[[ DATA FOR THE TASK, beginning ]]
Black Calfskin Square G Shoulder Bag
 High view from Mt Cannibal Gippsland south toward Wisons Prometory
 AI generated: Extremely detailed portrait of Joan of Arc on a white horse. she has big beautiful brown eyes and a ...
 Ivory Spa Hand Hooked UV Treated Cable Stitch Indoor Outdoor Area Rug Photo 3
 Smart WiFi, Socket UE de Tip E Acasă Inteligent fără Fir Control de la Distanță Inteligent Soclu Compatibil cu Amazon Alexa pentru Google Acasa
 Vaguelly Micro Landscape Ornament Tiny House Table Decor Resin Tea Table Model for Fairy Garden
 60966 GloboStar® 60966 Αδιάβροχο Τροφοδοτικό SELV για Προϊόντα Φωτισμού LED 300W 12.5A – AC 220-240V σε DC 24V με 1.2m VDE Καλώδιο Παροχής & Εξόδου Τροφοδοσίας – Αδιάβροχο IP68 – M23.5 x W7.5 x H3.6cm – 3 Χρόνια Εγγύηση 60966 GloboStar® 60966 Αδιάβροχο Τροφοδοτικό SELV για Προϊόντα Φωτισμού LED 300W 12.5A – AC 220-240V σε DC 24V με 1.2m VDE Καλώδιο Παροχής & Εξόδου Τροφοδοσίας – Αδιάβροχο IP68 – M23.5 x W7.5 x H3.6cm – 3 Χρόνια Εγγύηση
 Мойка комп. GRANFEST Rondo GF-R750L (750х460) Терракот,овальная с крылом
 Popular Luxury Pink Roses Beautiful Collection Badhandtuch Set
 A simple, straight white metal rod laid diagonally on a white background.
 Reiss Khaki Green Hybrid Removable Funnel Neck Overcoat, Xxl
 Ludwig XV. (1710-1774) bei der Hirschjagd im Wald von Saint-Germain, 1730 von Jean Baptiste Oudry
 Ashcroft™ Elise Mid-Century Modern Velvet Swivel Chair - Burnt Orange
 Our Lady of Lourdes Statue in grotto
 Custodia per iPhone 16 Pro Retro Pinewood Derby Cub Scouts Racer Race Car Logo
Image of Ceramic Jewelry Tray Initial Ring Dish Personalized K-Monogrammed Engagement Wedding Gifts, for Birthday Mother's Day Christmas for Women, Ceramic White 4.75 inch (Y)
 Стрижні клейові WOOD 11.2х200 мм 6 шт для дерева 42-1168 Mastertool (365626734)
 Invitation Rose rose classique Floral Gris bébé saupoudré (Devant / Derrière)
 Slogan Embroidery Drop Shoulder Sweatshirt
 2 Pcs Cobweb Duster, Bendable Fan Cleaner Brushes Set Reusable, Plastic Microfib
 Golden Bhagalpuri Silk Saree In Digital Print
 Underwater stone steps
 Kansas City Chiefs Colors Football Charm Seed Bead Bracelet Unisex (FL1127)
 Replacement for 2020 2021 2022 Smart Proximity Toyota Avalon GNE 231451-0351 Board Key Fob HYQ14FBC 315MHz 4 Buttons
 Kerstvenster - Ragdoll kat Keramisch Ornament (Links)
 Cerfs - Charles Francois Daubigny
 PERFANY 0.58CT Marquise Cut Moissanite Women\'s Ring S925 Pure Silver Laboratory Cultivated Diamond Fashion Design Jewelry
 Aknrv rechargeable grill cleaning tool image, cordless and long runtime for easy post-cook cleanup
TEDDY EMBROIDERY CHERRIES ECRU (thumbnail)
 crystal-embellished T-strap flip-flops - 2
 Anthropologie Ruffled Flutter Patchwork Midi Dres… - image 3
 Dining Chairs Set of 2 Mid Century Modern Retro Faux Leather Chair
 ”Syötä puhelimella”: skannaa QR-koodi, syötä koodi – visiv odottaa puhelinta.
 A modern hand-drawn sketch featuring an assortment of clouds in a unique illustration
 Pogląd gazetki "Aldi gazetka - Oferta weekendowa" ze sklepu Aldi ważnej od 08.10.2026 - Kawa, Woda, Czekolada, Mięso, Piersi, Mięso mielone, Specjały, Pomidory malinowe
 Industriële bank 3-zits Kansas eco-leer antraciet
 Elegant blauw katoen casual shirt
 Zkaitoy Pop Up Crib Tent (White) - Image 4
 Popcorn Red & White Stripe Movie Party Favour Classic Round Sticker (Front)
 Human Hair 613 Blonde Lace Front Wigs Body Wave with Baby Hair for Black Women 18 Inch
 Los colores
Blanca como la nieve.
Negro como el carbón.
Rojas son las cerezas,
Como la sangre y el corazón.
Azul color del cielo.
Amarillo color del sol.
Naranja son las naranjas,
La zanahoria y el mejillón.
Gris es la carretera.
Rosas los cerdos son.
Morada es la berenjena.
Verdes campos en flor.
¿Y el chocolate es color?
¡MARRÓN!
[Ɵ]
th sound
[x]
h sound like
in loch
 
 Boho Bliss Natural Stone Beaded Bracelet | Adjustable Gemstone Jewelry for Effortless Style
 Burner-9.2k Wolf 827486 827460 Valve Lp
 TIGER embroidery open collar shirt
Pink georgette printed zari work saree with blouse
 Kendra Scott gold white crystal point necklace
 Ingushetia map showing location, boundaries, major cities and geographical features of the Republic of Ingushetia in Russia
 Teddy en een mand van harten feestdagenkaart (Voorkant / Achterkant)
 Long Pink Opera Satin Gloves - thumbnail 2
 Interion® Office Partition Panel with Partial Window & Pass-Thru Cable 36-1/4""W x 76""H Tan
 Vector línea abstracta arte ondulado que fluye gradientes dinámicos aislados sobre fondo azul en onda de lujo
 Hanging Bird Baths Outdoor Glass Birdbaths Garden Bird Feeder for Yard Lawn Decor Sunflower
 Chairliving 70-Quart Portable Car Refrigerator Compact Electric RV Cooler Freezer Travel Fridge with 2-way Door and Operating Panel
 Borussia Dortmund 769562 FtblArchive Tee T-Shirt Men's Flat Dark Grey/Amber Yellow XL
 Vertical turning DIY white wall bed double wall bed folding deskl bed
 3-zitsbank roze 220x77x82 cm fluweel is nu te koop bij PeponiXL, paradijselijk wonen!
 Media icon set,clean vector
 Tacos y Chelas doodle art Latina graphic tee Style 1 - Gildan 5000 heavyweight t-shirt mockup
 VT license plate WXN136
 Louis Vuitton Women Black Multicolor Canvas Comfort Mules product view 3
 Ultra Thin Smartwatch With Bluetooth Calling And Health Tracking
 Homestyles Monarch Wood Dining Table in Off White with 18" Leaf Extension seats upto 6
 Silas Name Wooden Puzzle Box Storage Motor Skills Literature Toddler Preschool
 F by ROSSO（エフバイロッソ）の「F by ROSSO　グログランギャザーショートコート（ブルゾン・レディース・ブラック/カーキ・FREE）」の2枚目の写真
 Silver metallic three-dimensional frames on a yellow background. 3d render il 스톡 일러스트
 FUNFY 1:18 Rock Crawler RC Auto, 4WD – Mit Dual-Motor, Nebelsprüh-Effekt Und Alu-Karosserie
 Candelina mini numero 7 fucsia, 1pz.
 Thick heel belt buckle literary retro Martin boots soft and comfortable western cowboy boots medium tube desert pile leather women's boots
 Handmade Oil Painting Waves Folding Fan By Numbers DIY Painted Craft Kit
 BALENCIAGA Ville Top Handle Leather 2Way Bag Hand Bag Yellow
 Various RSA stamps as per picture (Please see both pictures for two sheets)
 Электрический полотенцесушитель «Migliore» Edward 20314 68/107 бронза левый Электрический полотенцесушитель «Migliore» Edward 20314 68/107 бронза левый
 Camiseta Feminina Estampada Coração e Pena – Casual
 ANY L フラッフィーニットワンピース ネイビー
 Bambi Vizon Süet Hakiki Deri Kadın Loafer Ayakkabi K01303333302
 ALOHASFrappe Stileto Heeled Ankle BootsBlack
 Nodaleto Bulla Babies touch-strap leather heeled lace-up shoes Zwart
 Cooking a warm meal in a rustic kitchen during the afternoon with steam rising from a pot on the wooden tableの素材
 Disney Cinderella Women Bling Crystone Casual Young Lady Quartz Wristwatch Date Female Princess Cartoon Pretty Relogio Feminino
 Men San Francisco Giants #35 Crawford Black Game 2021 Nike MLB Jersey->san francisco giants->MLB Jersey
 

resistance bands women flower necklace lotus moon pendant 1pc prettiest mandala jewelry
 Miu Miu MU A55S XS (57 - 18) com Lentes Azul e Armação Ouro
[[ DATA FOR THE TASK, end ]]
> **EXERCISE BRIEF**: From the listing above, output exactly the run of lines that starts with the line containing "VT license plate WXN136" and ends with the line containing "ANY L フラッフィーニットワンピース ネイビー".

> **OUTPUT OF THE EXERCISE**:
 VT license plate WXN136
 Louis Vuitton Women Black Multicolor Canvas Comfort Mules product view 3
 Ultra Thin Smartwatch With Bluetooth Calling And Health Tracking
 Homestyles Monarch Wood Dining Table in Off White with 18" Leaf Extension seats upto 6
 Silas Name Wooden Puzzle Box Storage Motor Skills Literature Toddler Preschool
 F by ROSSO（エフバイロッソ）の「F by ROSSO　グログランギャザーショートコート（ブルゾン・レディース・ブラック/カーキ・FREE）」の2枚目の写真
 Silver metallic three-dimensional frames on a yellow background. 3d render il 스톡 일러스트
 FUNFY 1:18 Rock Crawler RC Auto, 4WD – Mit Dual-Motor, Nebelsprüh-Effekt Und Alu-Karosserie
 Candelina mini numero 7 fucsia, 1pz.
 Thick heel belt buckle literary retro Martin boots soft and comfortable western cowboy boots medium tube desert pile leather women's boots
 Handmade Oil Painting Waves Folding Fan By Numbers DIY Painted Craft Kit
 BALENCIAGA Ville Top Handle Leather 2Way Bag Hand Bag Yellow
 Various RSA stamps as per picture (Please see both pictures for two sheets)
 Электрический полотенцесушитель «Migliore» Edward 20314 68/107 бронза левый Электрический полотенцесушитель «Migliore» Edward 20314 68/107 бронза левый
 Camiseta Feminina Estampada Coração e Pena – Casual
 ANY L フラッフィーニットワンピース ネイビー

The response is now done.